What the task requires: Only the lines from the top of the listing below to the line that has "Zwarte mouwloze coltrui" should be echoed, with both ends kept and pictures left out.

Data section:
----
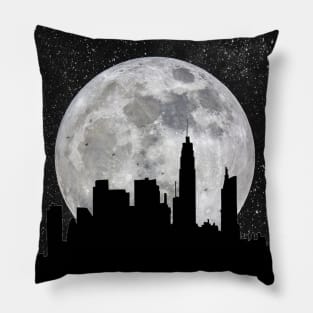 Silhouette of a city against a giant moon Pillow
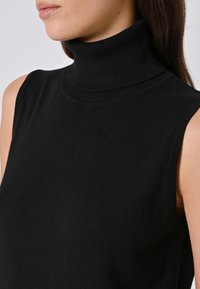 Zwarte mouwloze coltrui van zacht, ribbelstof. Voorzien van een hoge nek met een snug fit en een gladde textuur, minimalistisch ontwerp.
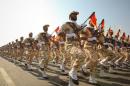 File picture of members of the Iranian revolutionary guard marching at a parade to commemorate anniversary of Iran-Iraq war, in Tehran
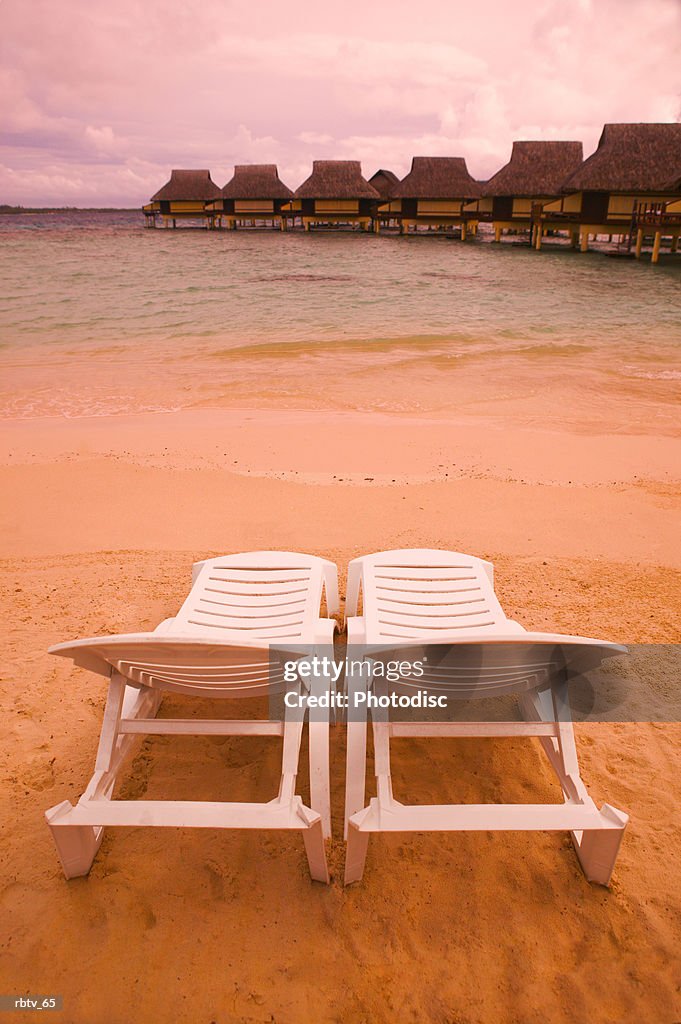 Landscape photograph of two empty beach chairs overlooking a beautiful beach and resort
----
Reply:
 Silhouette of a city against a giant moon Pillow
 Zwarte mouwloze coltrui van zacht, ribbelstof. Voorzien van een hoge nek met een snug fit en een gladde textuur, minimalistisch ontwerp.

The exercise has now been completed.